STARS: Can you talk to me a little about Here's Love?
JP: They thought they could take a brilliant movie called Miracle on 34th Street and make a Broadway musical out of it, but it was a very difficult show to do, mainly because of the sets. We had these big balloons on stage, and the sets were always moving. As an actor, I felt a couple of scenes could have been juxtaposed; but once the show was on its feet, there was no changing it, because of the sets. Of course, it's a Christmas show, and I think it was Time magazine that said, "This is a wonderful show for anyone under the age of seven." That was unfair. There was a lot in it for adults.
STARS: The brief run of that show must have been a big disappointment, but you certainly bounced back when you replaced Angela Lansbury in Mame, just a few years later.
JP: I've always said that if you want to play a great role, pick any role that was originated by Ethel Merman or Angela Lansbury, because they do the best shows.
STARS: You made your Broadway debut in Remains to Be Seen, in 1951. What a cast: Jackie Cooper, Howard Lindsay, Ossie Davis...

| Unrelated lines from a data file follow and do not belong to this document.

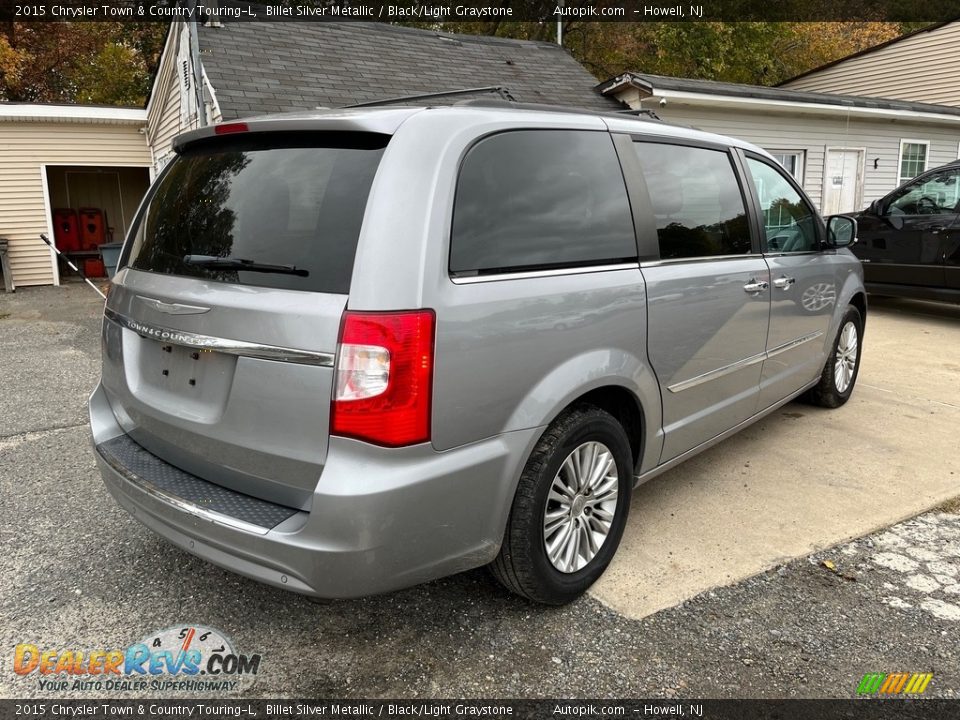 2015 Chrysler Town & Country Touring-L Billet Silver Metallic / Black/Light Graystone Photo #6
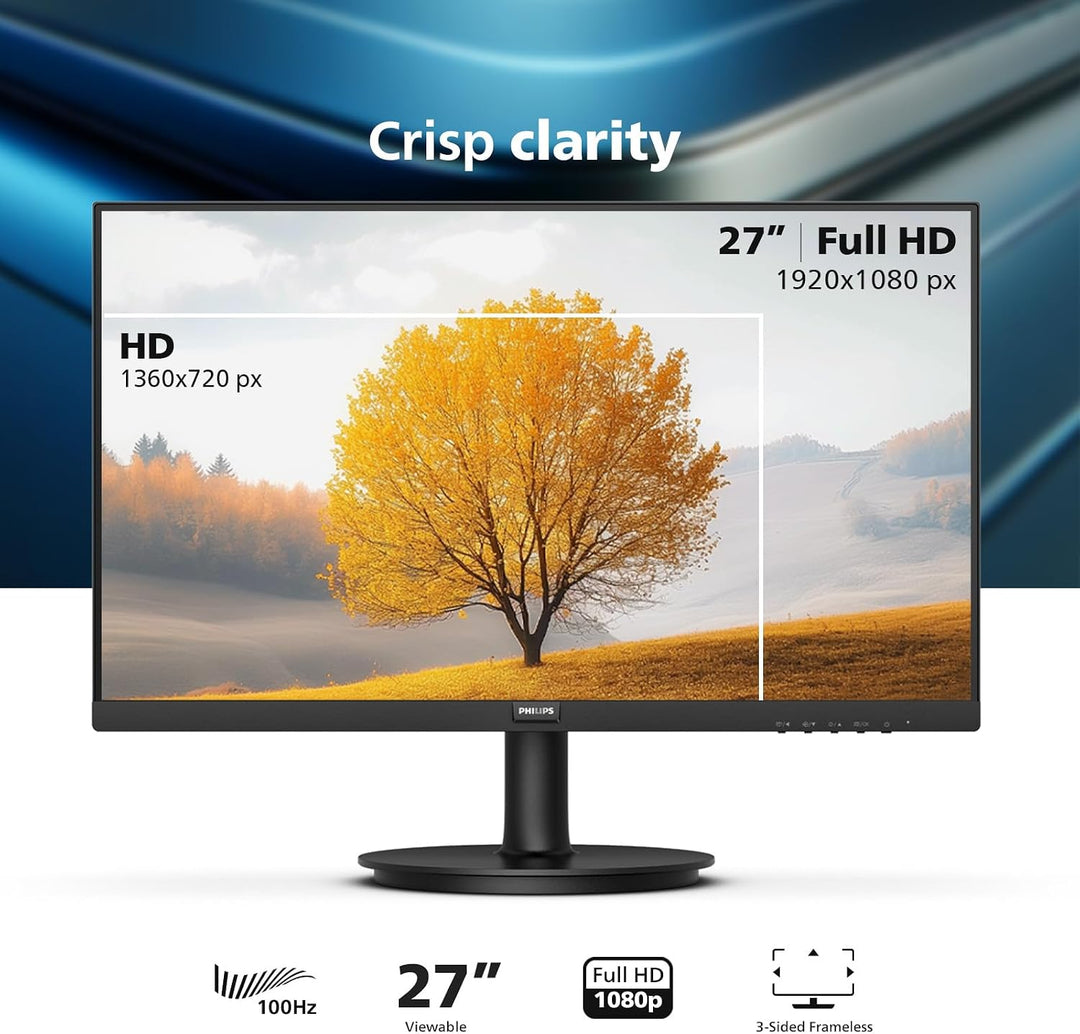 Philips Monitor de computadora FHD 100Hz VA VESA Eye Care de 27 pul...
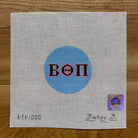 Beta Theta Pi 3" Round Canvas - KC Needlepoint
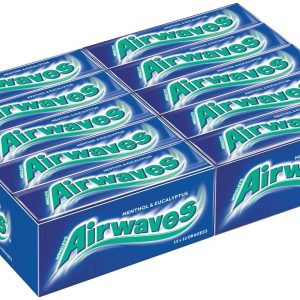 Airwaves Kaugummi Menthol und Eucalyptus 30 x 14 g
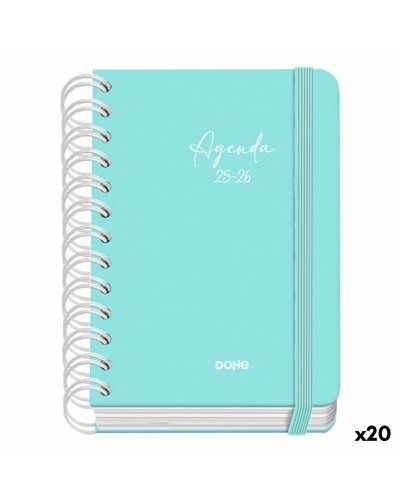 Agenda DOHE SERENITY WIRE´O Vert A6 120 x 170 mm 2025-2026 (20 Unités)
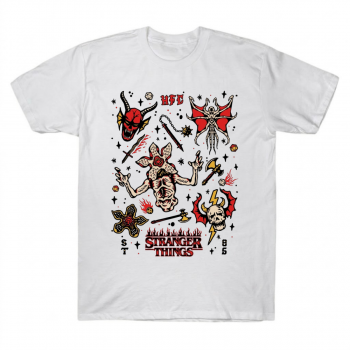 Stranger Things Hellfire Club Icon Collage Tee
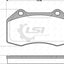 Roadhouse Brake Pads Fr Renault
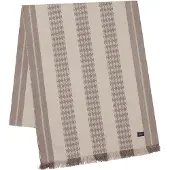 Lexington Jacquard Striped bordløber 50x350 cm Beige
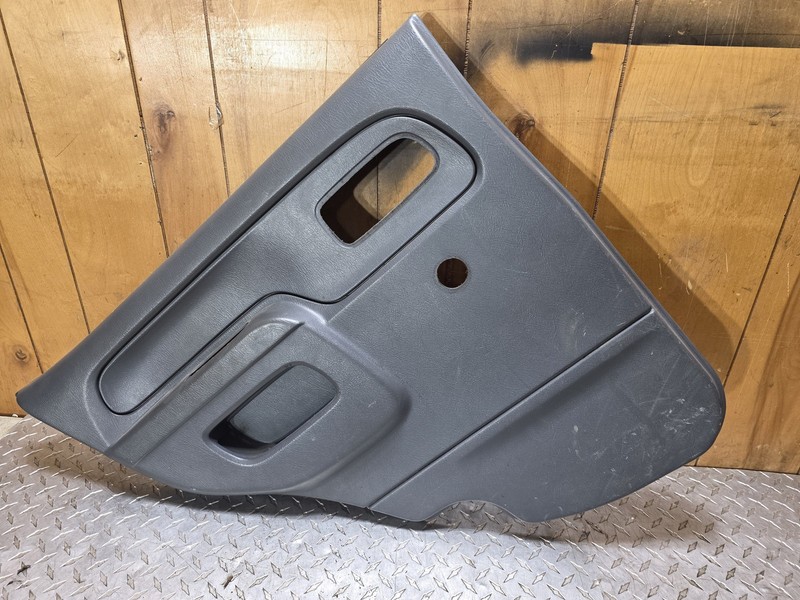 02-04 Nissan Xterra Rear Driver Door Panel Gray Oem Tested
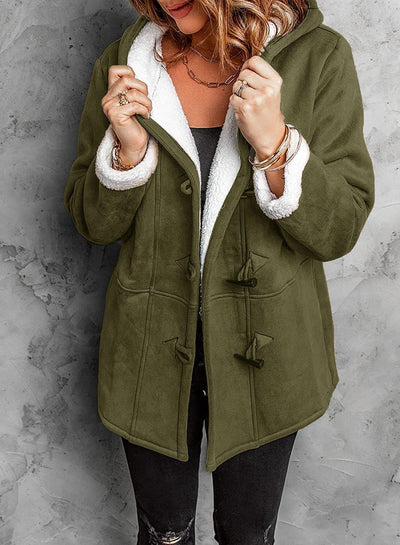 Cappotto con Cappuccio Caldo ed Elegante
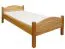 Kinderbett 100 x 200 cm | Massivholz: Buche | Natur Lackiert Abbildung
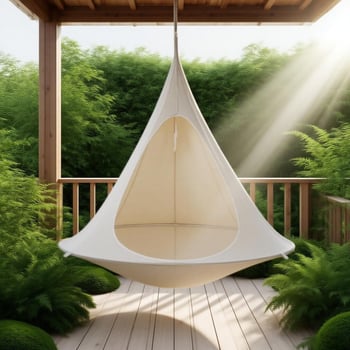 Oxford vászonból készült hintaszék, teherbírás 100 kg, súly 4 kg, márka Doudou doudou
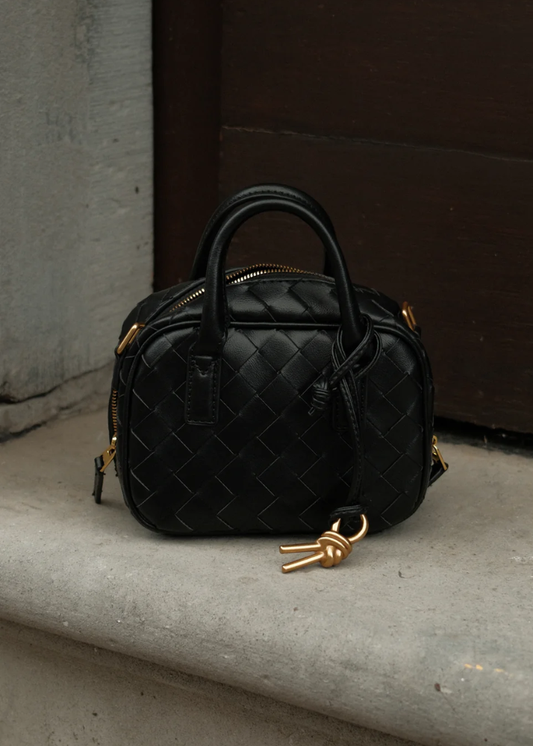 Luna - Bolso mini negro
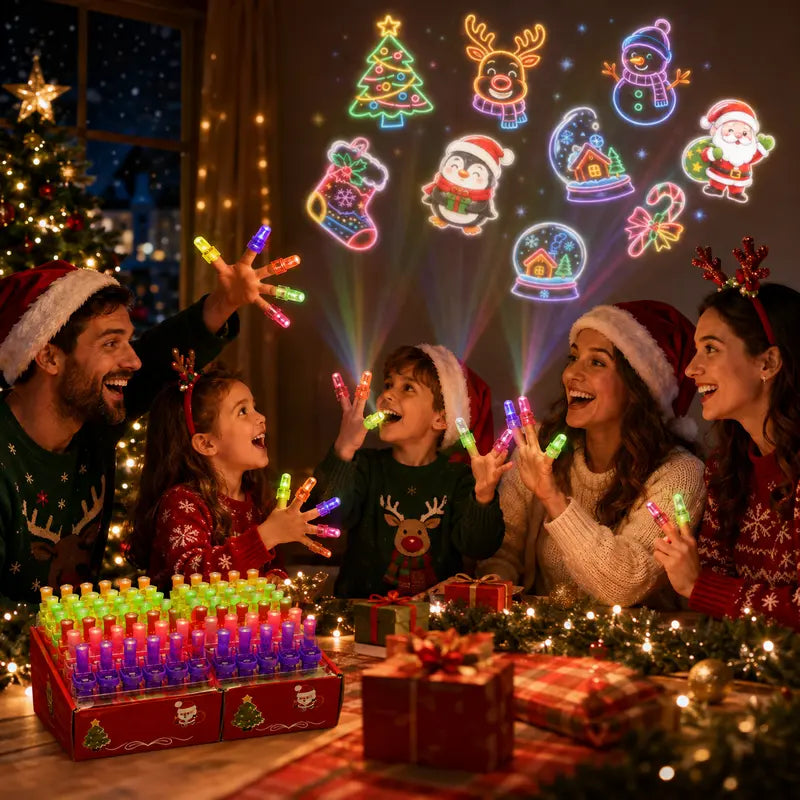 👻 Halloween Finger Projector Rings – LED Party Favors for Kids🎃
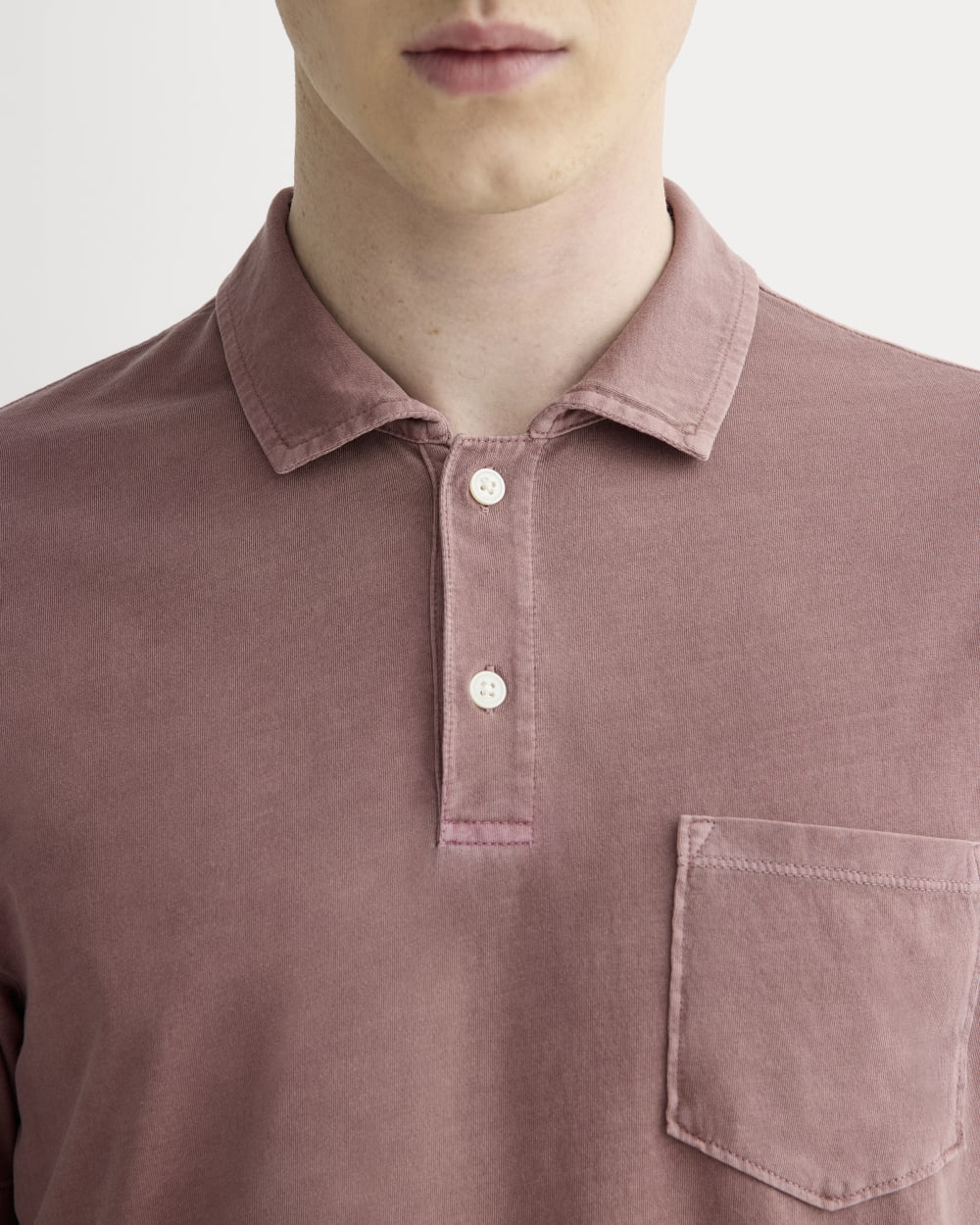 The Essential Organic Garment-Dyed Polo | Brown Garment Dye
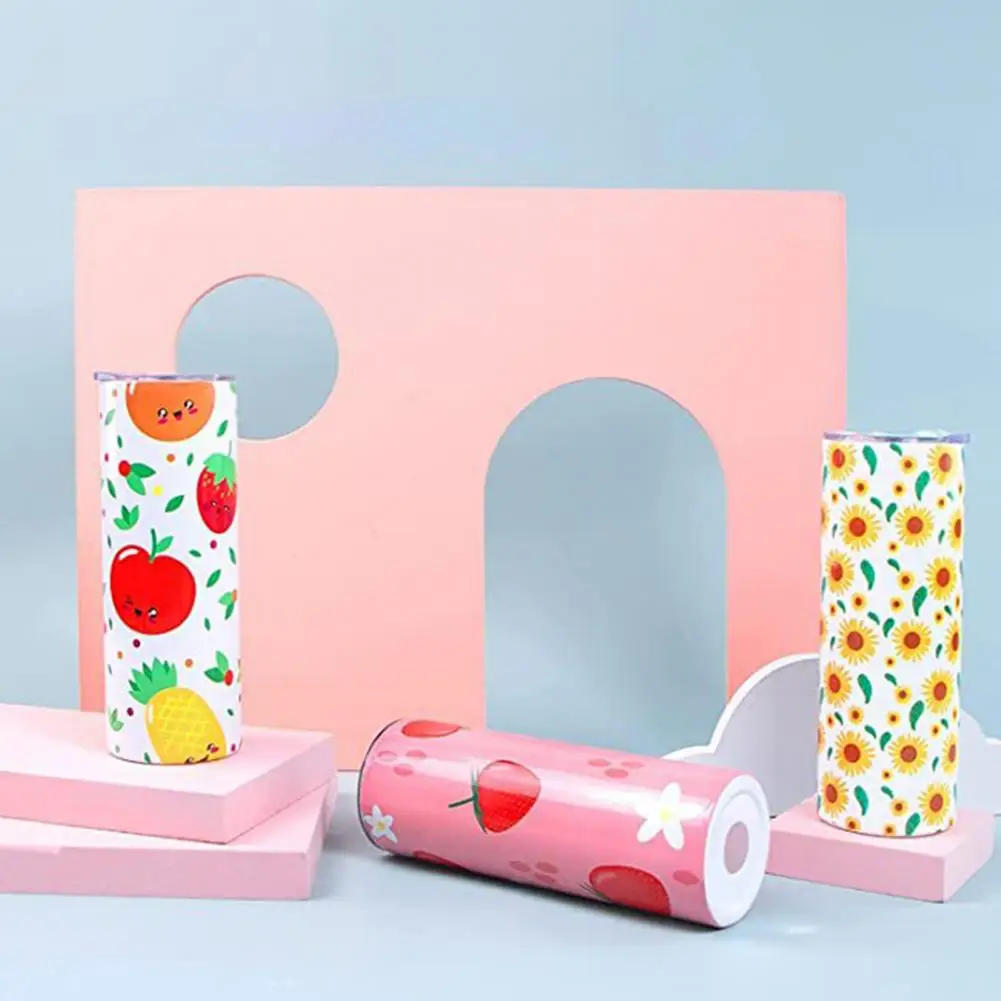 3Pcs Sublimation Tumbler Wrap 3 Thickness Heat Resistant Silicone DIY Mug Press Sublimation Cup Wrap Sleeve Home Supplies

JP: Yes. They're all gone know. Everyone involved with that show was the cream of the crop. It was my first show, and I had Bretaigne Windust directing, Leland Heyward producing, Lindsay and Crouse as the playwrights, and that wonderful cast. Can you imagine? I couldn't have been luckier. "Buck" Crouse told me he thought the critics saw the play as a step downward from Life With Father and State of the Union, and that's why it got bad reviews that it didn't deserve. I got good reviews -- except from Brooks Atkinson. I'll never forget that as long as I live. We were all at Sardi's, waiting for the reviews. And Atkinson, who was the dean of New York theater critics, wrote: "As far as the girl is concerned, she has no apparent talent."
STARS: Wow.
JP: A few years later, when we were in Boston with Pajama Game, I was worried about what kind of review I'd get from Atkinson, because somebody had told me that critics never go back on their opinions. I said, "I can't believe he would be that small" -- but I was still worried. Well, he wasn't that small. He gave me a rave.
STARS: If you don't mind spilling the beans, what will you be doing in this year's S.T.A.G E benefit?
JP: I'm doing "That's Life," a number from my act that [producer/director] David Galligan asked me to do. We've added a Broadway slant to the song, with special lyrics about my career.
STARS: When was the last time you did your act, and where?
JP: It was in November, at Vitello's. [Click here for a review of the act.] Everybody said it was a wonderful show, but I can't tell. I go out and give 1,000 percent every time; I don't know how to do it any other way. It's like being lucky enough to be in a hit on Broadway. Eight shows a week, you can go out there and work and improve in front of an audience. I loved it. I remember thinking about my first and last nights in Pajama Game at the Saint James Theatre, and how much richer the character had become during that time.
STARS: You're probably aware that things have changed in that regard; actors rarely stay with shows as long as they used to, and generally speaking, there are a lot more scheduled and unscheduled absences than there were years ago.
JP: I will never understand that. We wouldn't think of asking for a week off to do Law & Order or a part in a Woody Allen movie, but that's what they do today.
STARS: Thanks so much for speaking with me. One last question: Was Joanne in Company your only Sondheim role? Have you never done Follies anywhere?
JP: No, I've never done Follies anywhere. I don't know why.
STARS: That's amazing. I think you're the only one.
JP: You're right, Michael. I'm the only one!